**TASK ITEM:** Each record here should be printed again exactly; please leave its pictures out.
|---|
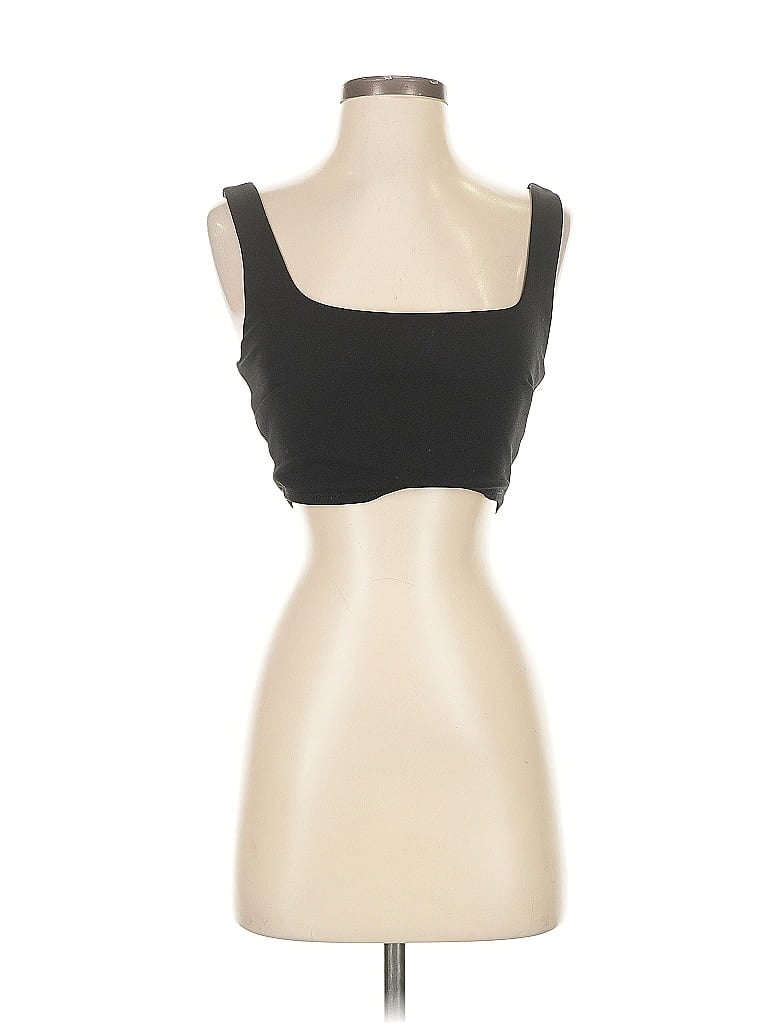 Pre-owned Lulus Sleeveless Top Black Sweetheart Neckline Tops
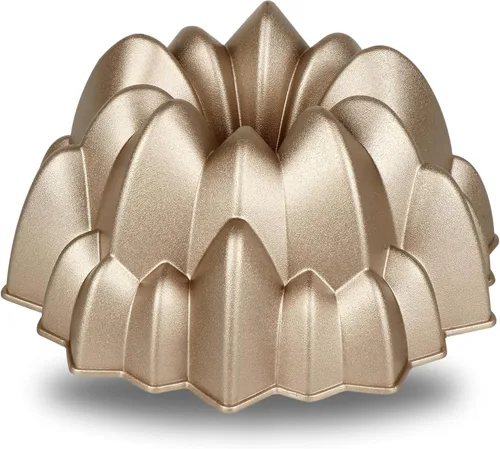 Vista 13 de Baker's Secret Antiadherente para molde estriado para tartas, moldes para hornear pasteles de aluminio fundido a presión resistente, revestimiento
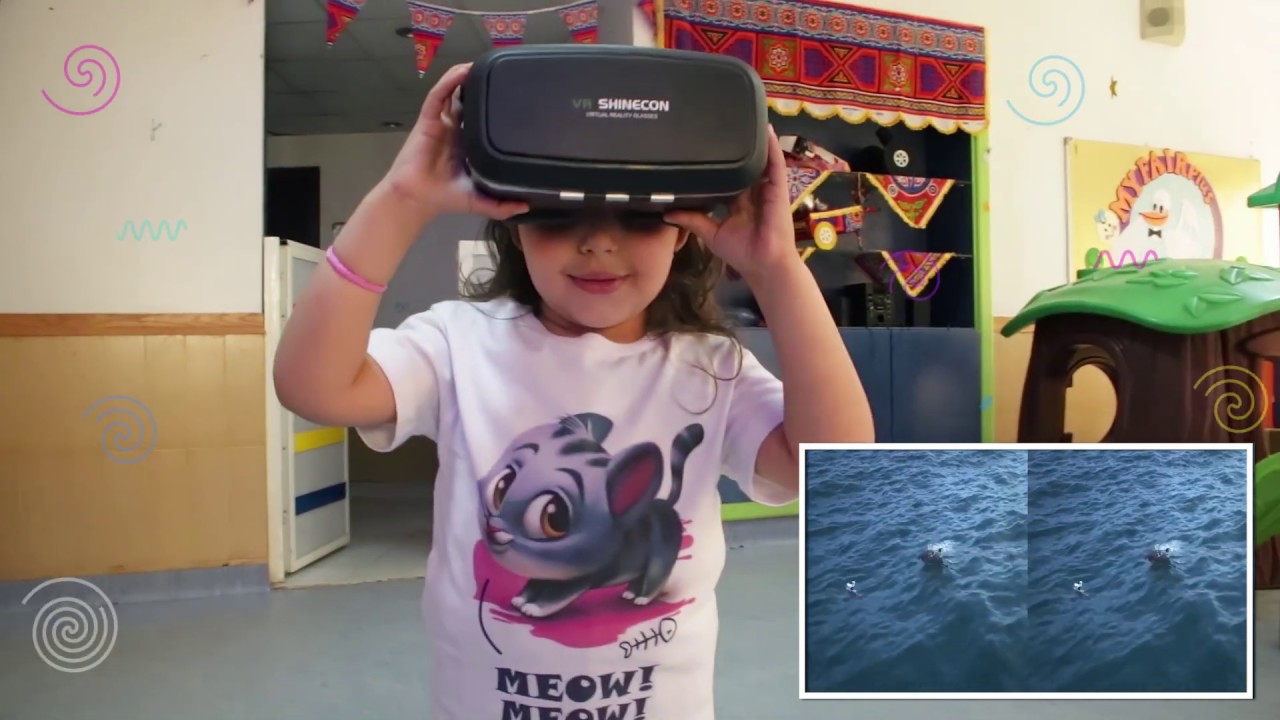 Virtual Reality 4D Underwater Experience | Book & App for Kids |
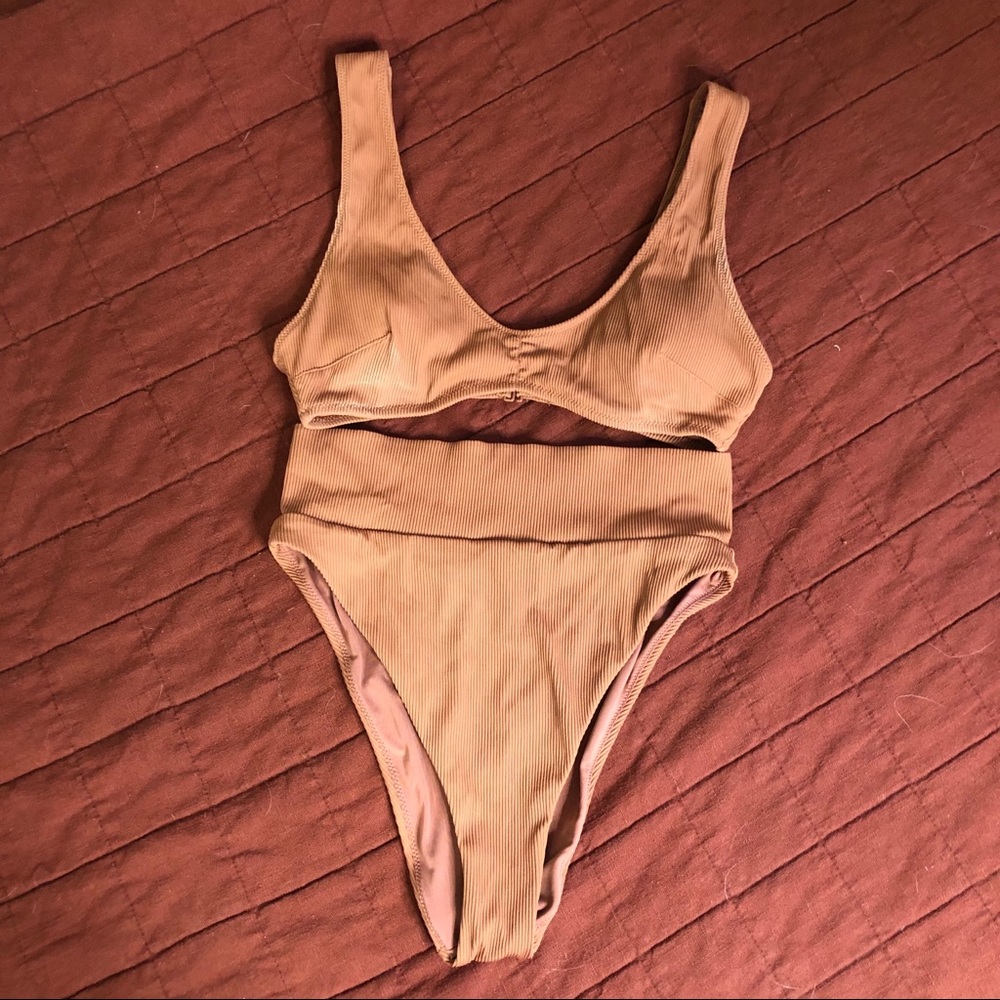 Aerie Ribbed Bikini in Canyon Creek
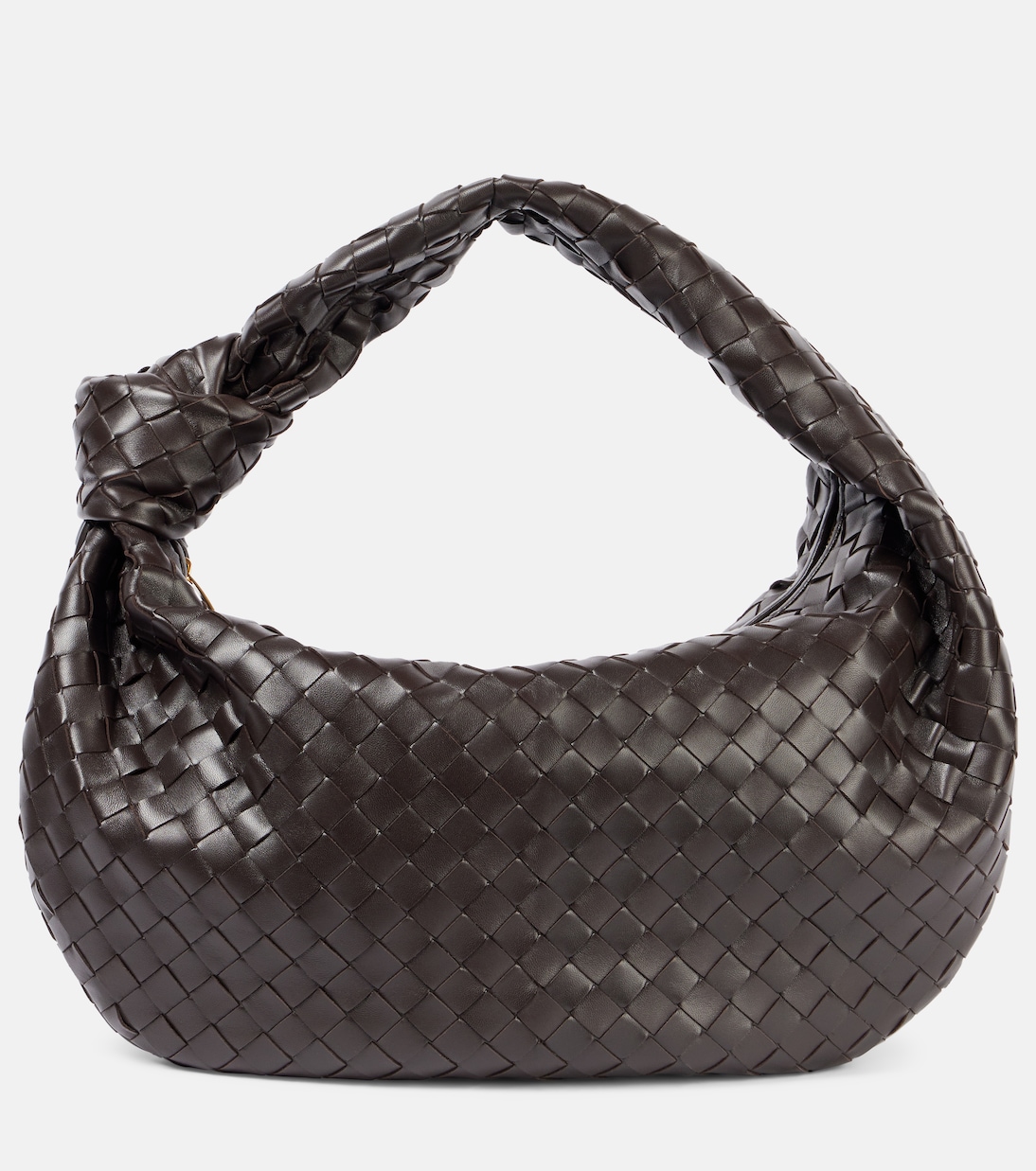 

Сумка-тоут Jodie из кожи Intrecciato Bottega Veneta, Fondente-Gold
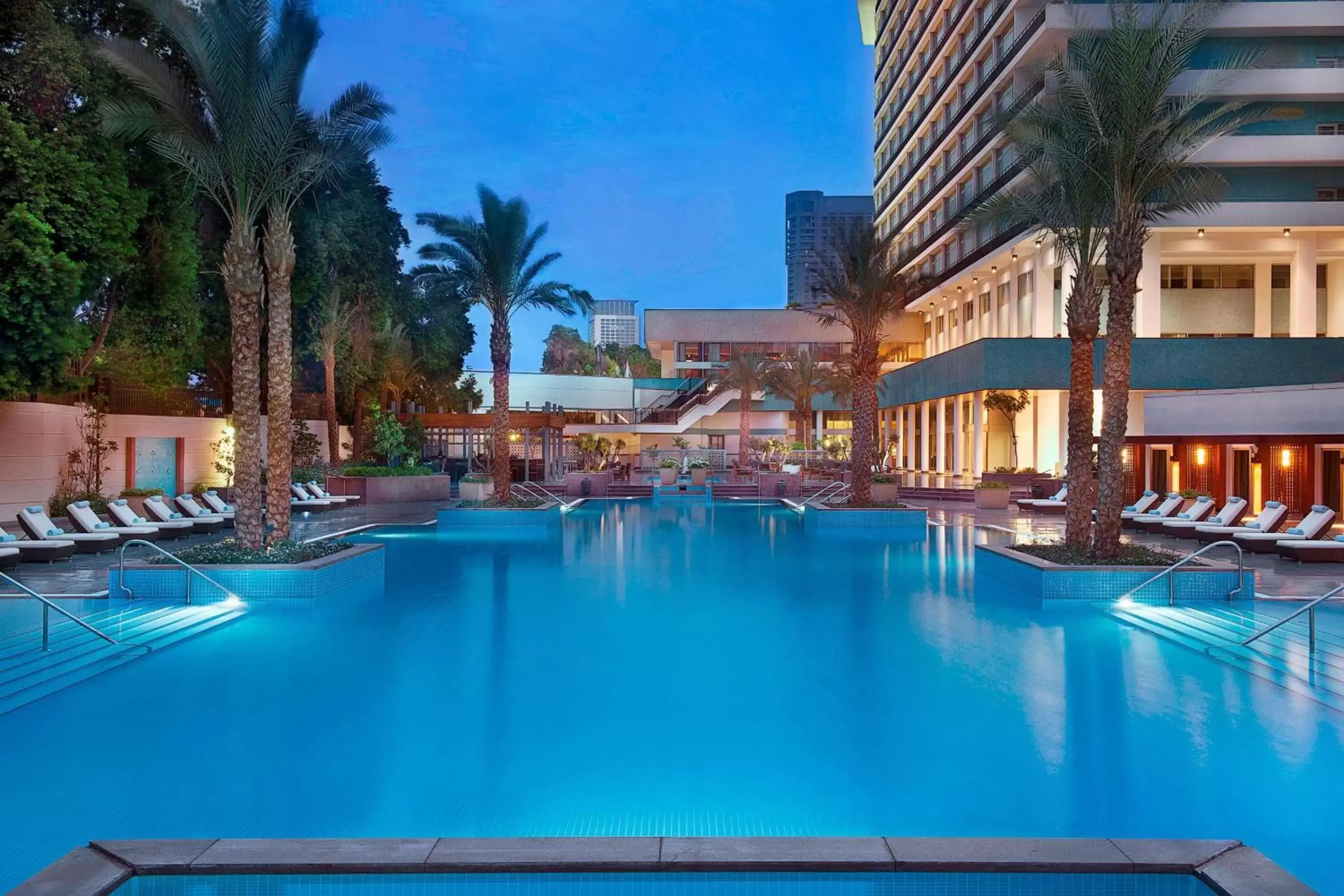 Swimming Pool in The Nile Ritz-Carlton, Cairo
|---|
**WORKED SOLUTION:**
 Pre-owned Lulus Sleeveless Top Black Sweetheart Neckline Tops
 Vista 13 de Baker's Secret Antiadherente para molde estriado para tartas, moldes para hornear pasteles de aluminio fundido a presión resistente, revestimiento
 Virtual Reality 4D Underwater Experience | Book & App for Kids |
 Aerie Ribbed Bikini in Canyon Creek

Сумка-тоут Jodie из кожи Intrecciato Bottega Veneta, Fondente-Gold
 Swimming Pool in The Nile Ritz-Carlton, Cairo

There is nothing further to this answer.